START MATERIAL SHOWN

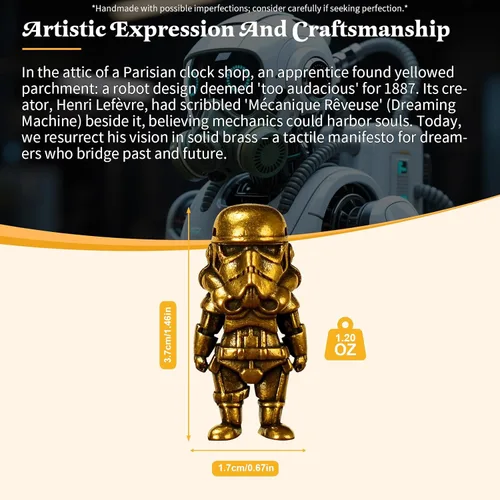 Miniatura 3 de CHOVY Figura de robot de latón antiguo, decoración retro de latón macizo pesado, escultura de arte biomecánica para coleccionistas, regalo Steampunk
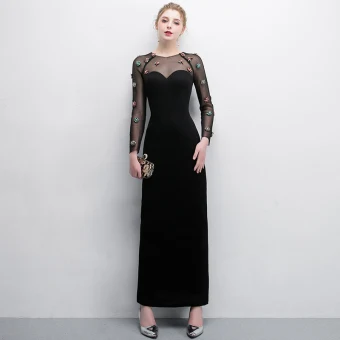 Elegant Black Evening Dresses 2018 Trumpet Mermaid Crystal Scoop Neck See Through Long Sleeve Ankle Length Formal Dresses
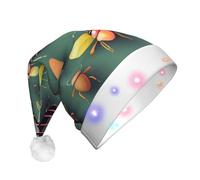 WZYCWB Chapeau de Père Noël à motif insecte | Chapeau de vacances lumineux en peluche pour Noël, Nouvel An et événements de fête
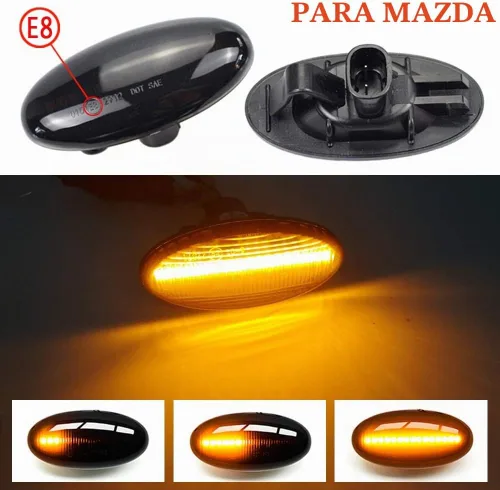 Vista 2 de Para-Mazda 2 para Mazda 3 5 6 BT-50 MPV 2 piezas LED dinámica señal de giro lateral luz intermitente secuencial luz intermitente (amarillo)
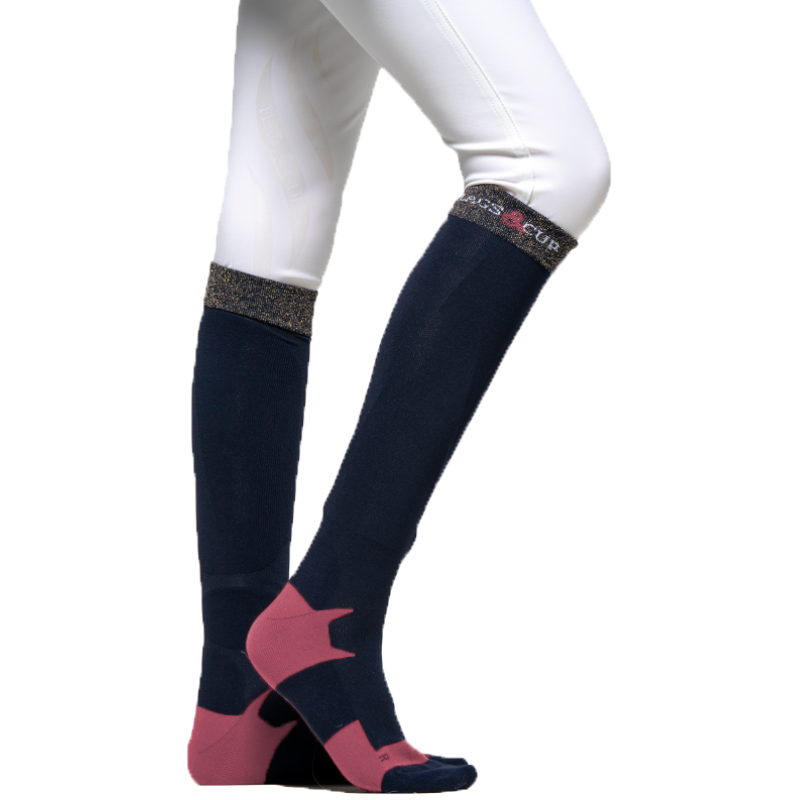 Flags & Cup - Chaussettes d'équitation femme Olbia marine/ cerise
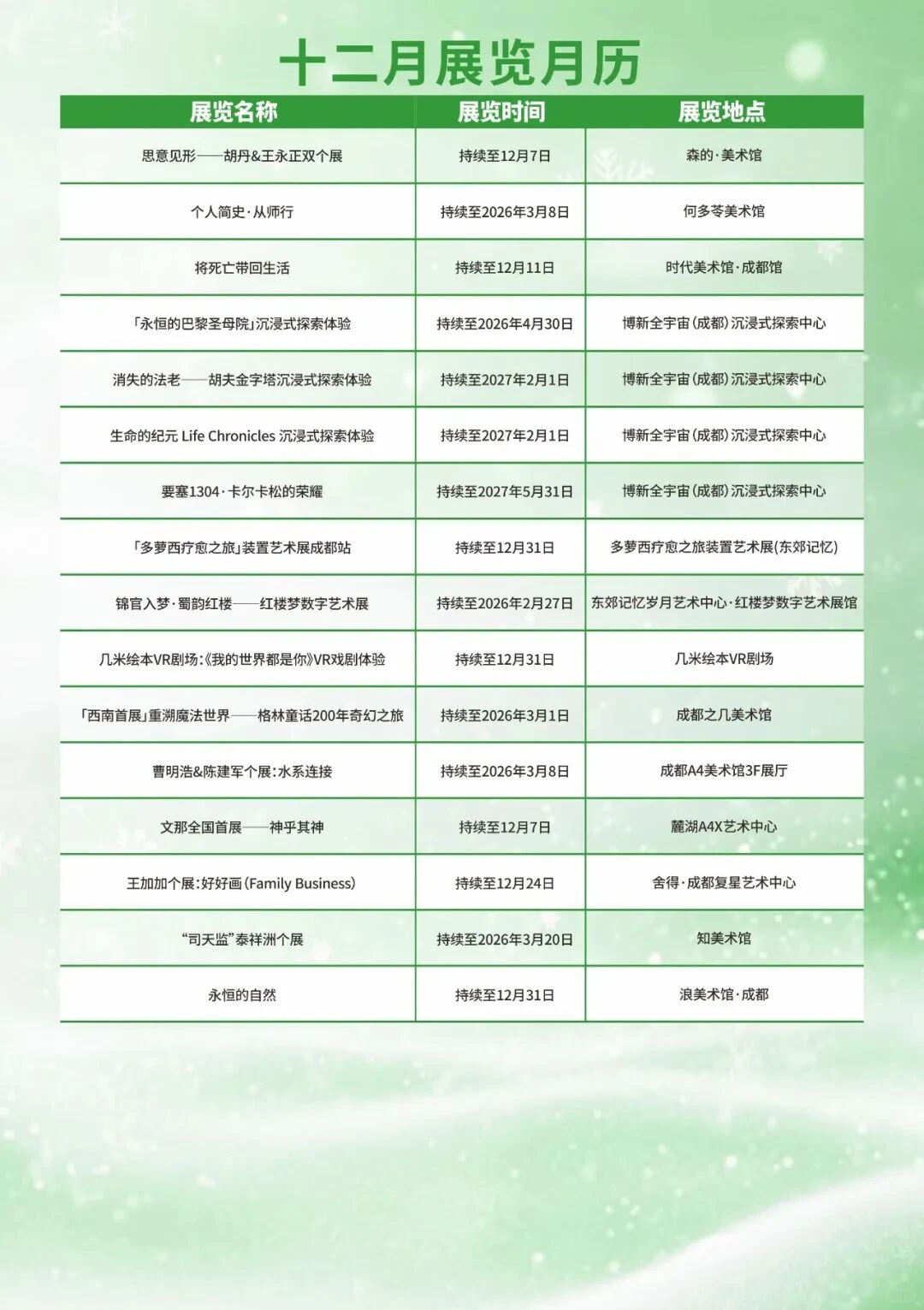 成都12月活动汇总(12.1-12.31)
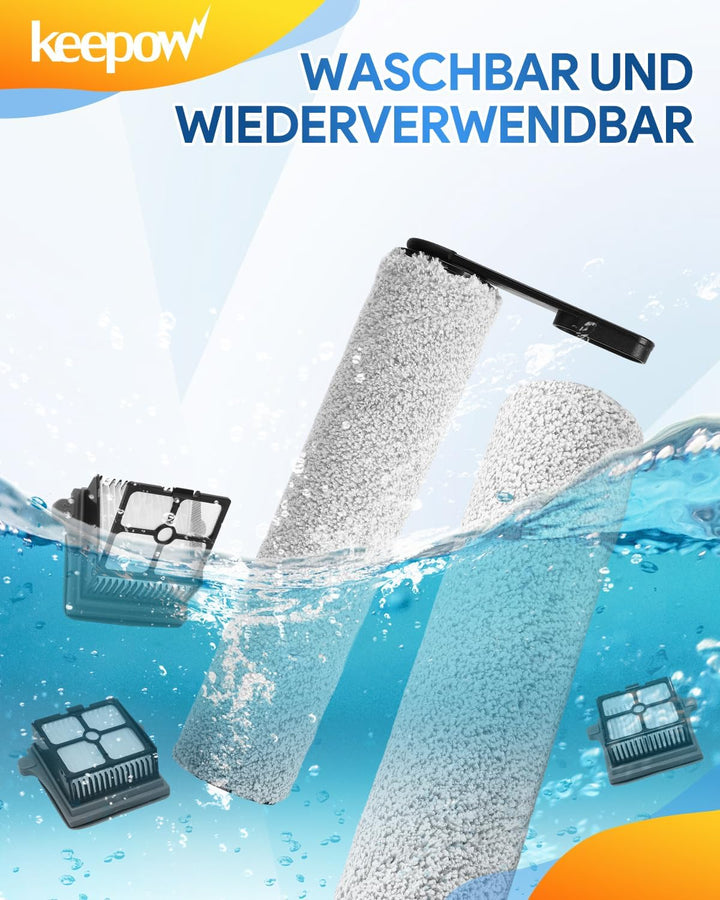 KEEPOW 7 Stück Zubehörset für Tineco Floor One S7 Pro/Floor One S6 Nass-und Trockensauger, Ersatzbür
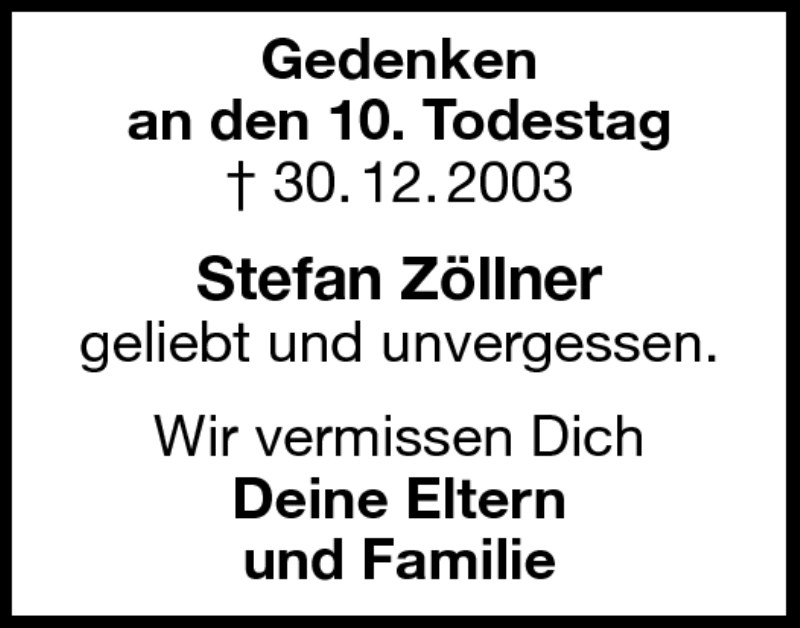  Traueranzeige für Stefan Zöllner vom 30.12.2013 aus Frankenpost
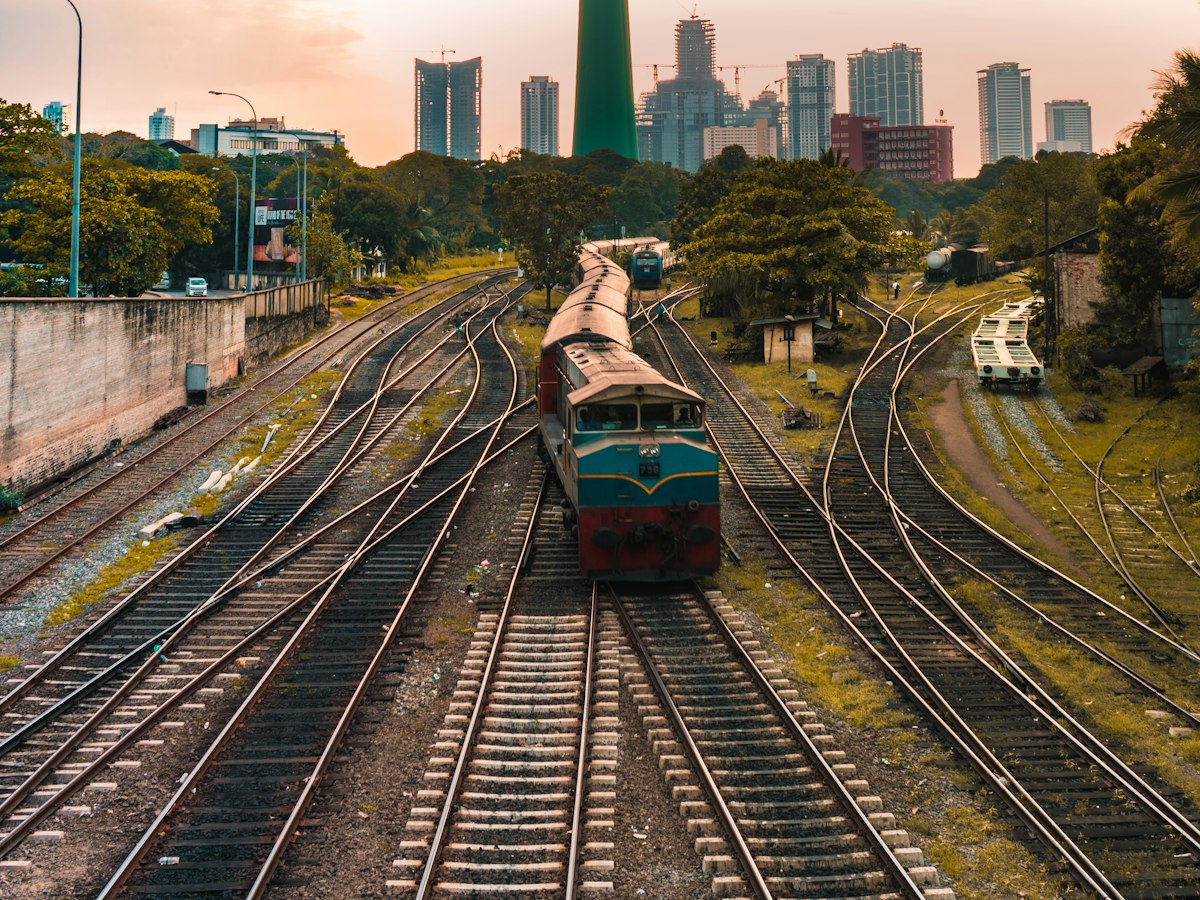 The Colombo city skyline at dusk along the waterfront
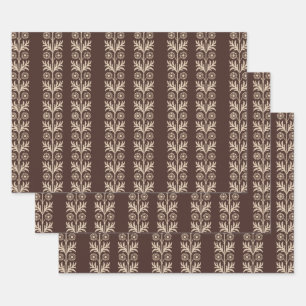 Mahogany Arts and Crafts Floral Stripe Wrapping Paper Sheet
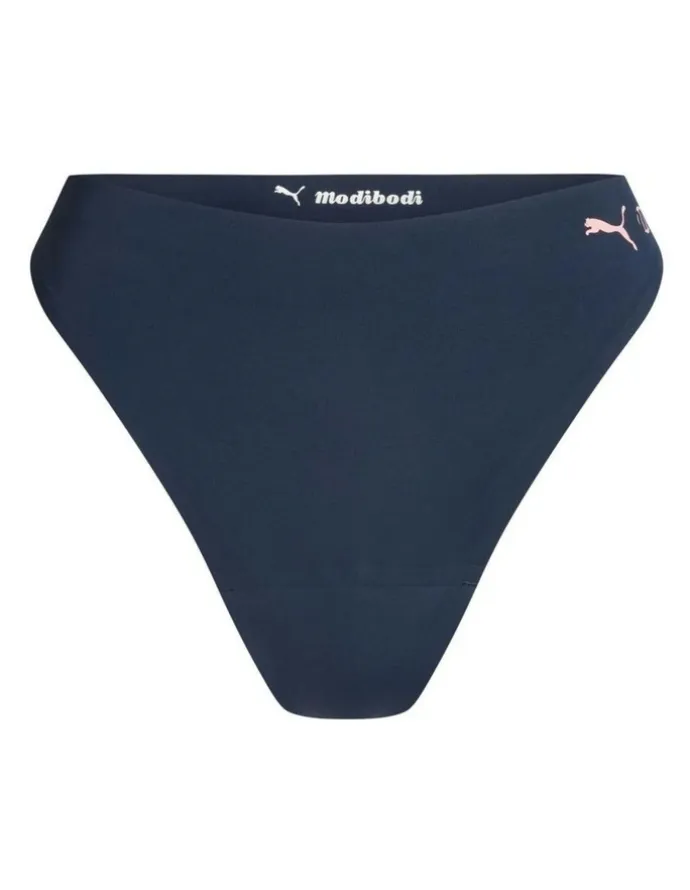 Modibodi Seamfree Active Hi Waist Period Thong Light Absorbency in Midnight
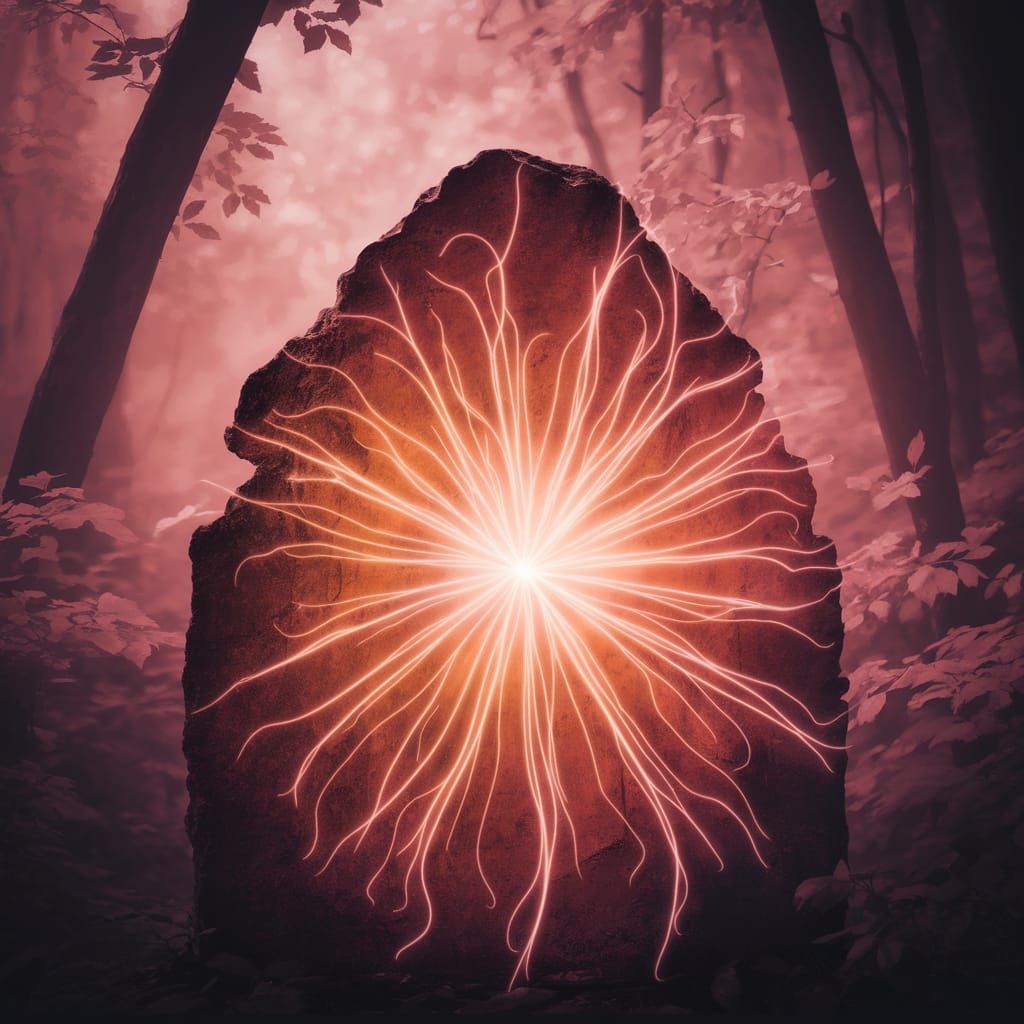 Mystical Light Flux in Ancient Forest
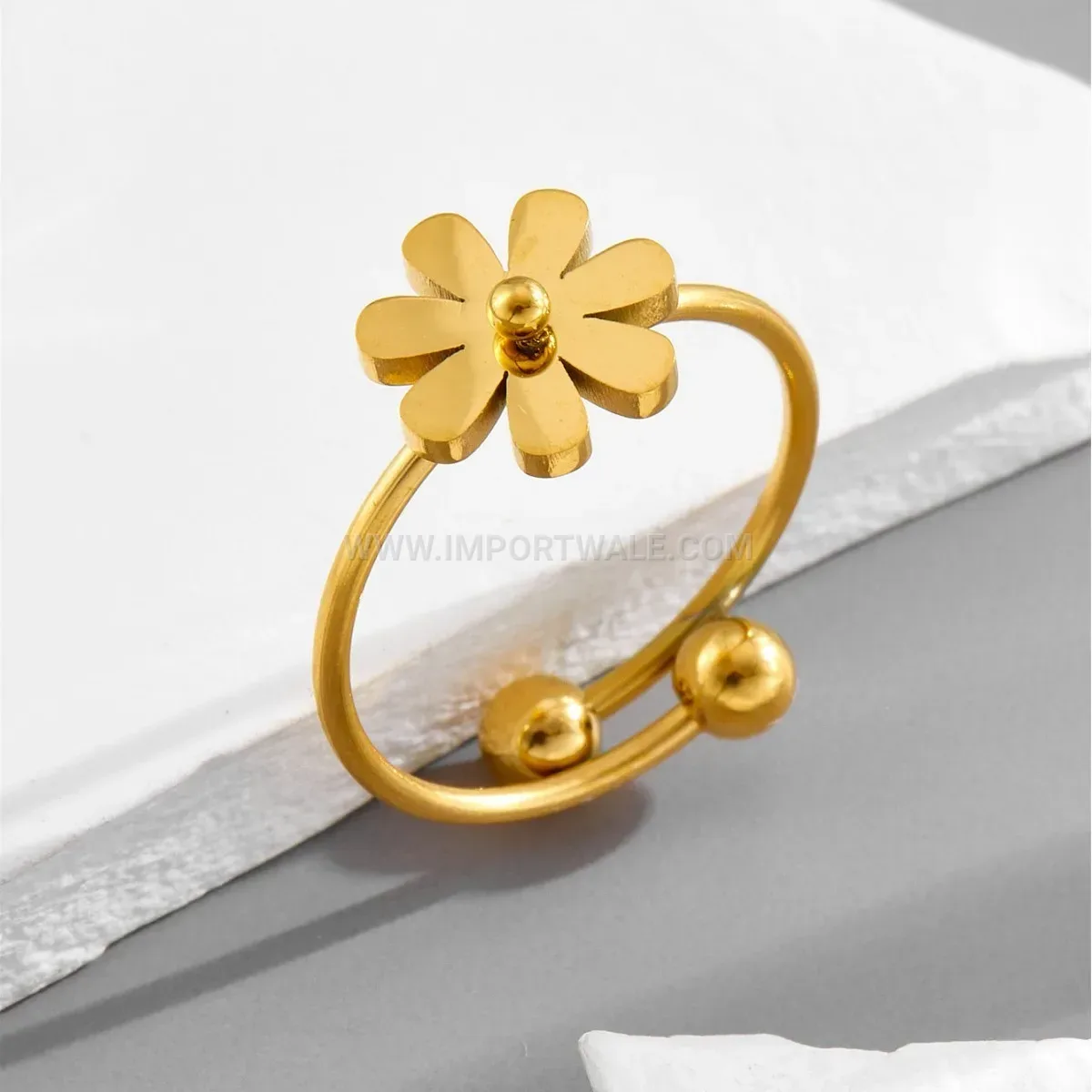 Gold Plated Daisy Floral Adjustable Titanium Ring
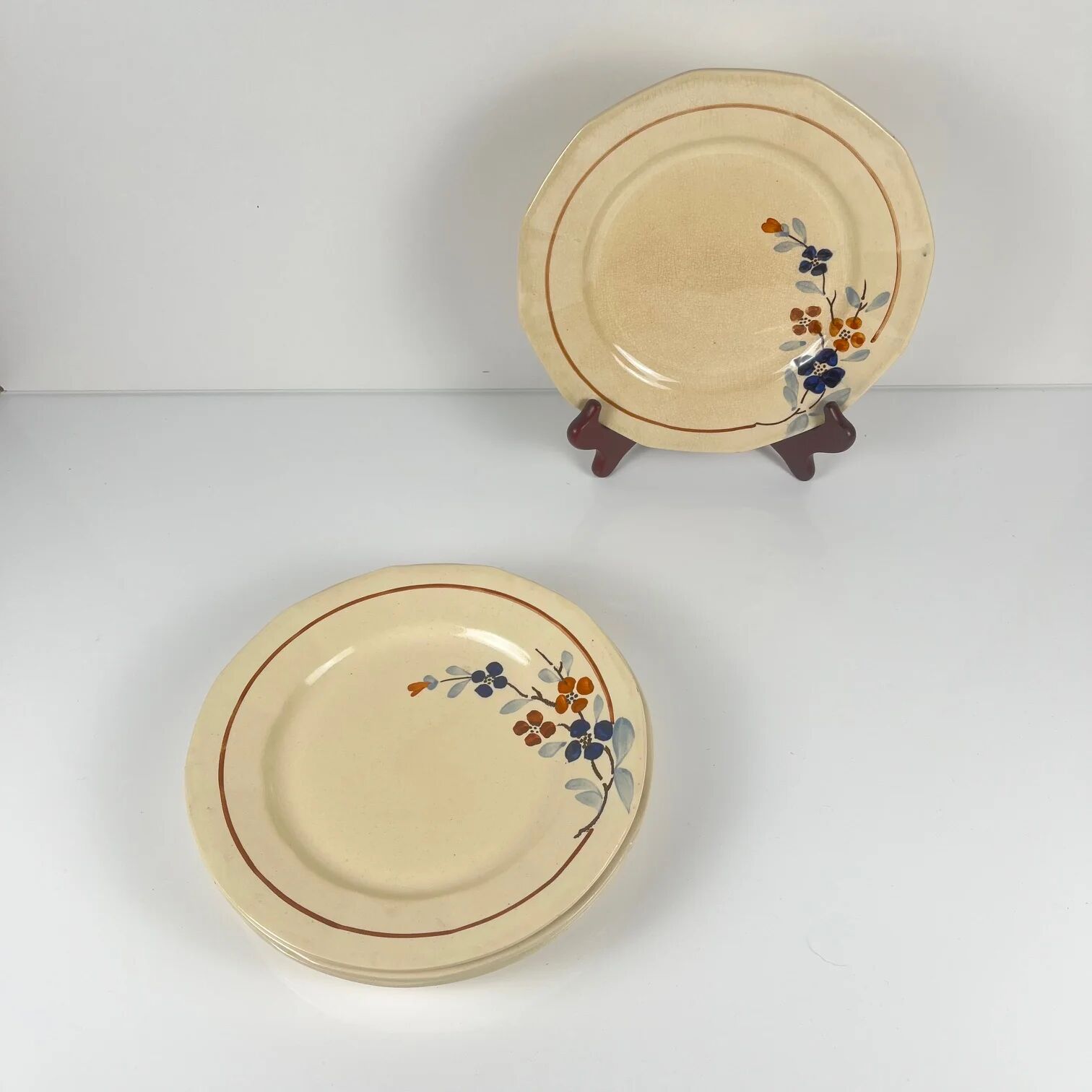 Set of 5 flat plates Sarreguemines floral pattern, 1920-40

END MATERIAL SHOWN

* **PROBLEM REQUIREMENTS**: Could the data above be copied out exactly, with no pictures kept?

* **REPLY TO THE EXERCISE**:
 Miniatura 3 de CHOVY Figura de robot de latón antiguo, decoración retro de latón macizo pesado, escultura de arte biomecánica para coleccionistas, regalo Steampunk
 Elegant Black Evening Dresses 2018 Trumpet Mermaid Crystal Scoop Neck See Through Long Sleeve Ankle Length Formal Dresses
 WZYCWB Chapeau de Père Noël à motif insecte | Chapeau de vacances lumineux en peluche pour Noël, Nouvel An et événements de fête
 Vista 2 de Para-Mazda 2 para Mazda 3 5 6 BT-50 MPV 2 piezas LED dinámica señal de giro lateral luz intermitente secuencial luz intermitente (amarillo)
 Flags & Cup - Chaussettes d'équitation femme Olbia marine/ cerise
 成都12月活动汇总(12.1-12.31)
 KEEPOW 7 Stück Zubehörset für Tineco Floor One S7 Pro/Floor One S6 Nass-und Trockensauger, Ersatzbür
  Traueranzeige für Stefan Zöllner vom 30.12.2013 aus Frankenpost
 The Colombo city skyline at dusk along the waterfront
 Mahogany Arts and Crafts Floral Stripe Wrapping Paper Sheet
 Modibodi Seamfree Active Hi Waist Period Thong Light Absorbency in Midnight
 Mystical Light Flux in Ancient Forest
 Gold Plated Daisy Floral Adjustable Titanium Ring
 Set of 5 flat plates Sarreguemines floral pattern, 1920-40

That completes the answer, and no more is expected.